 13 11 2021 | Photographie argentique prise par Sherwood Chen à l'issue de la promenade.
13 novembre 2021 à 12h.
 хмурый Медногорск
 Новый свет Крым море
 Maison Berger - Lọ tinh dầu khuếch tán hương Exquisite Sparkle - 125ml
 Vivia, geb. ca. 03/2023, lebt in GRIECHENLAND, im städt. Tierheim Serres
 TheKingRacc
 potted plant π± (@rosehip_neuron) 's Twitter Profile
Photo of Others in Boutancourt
···
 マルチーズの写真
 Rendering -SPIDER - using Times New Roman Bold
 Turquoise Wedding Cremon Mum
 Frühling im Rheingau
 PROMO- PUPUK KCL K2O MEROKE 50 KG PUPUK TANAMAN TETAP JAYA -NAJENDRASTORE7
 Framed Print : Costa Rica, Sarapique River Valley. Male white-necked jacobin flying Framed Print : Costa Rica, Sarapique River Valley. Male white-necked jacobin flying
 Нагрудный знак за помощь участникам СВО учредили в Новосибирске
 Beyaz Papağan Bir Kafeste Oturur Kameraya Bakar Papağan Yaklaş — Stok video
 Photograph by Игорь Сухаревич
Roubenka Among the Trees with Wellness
···
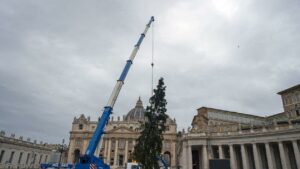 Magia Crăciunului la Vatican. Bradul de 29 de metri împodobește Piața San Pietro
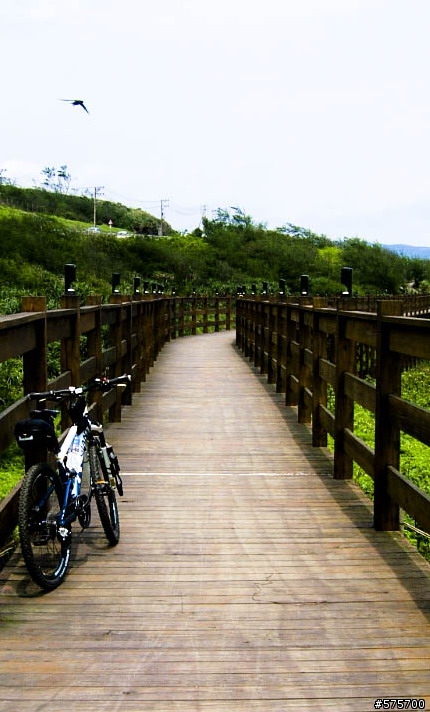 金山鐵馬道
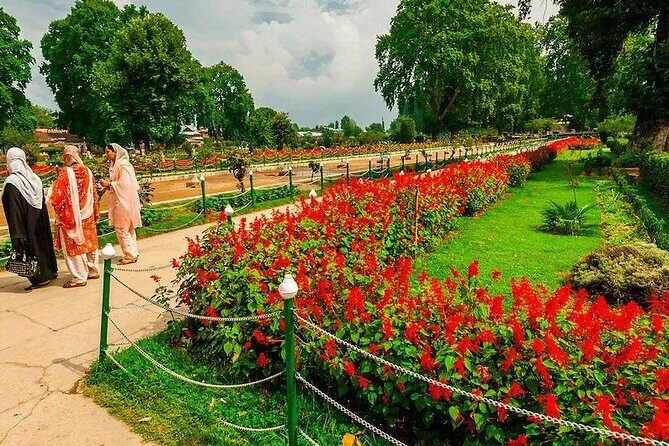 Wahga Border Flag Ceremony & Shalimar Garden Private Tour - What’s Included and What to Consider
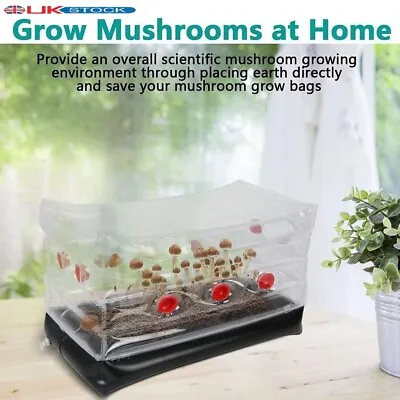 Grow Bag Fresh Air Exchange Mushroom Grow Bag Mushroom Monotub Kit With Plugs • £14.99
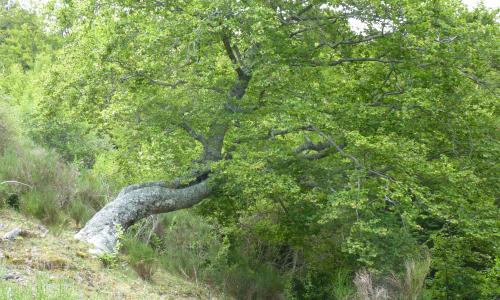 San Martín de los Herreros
···
Requirement → Nothing should appear in the answer except the lines above from the line with "Vivia, geb. ca." through the line with "Photo of Others in Boutancourt", both included, written out exactly.

Answer box →
 Vivia, geb. ca. 03/2023, lebt in GRIECHENLAND, im städt. Tierheim Serres
 TheKingRacc
 potted plant π± (@rosehip_neuron) 's Twitter Profile
Photo of Others in Boutancourt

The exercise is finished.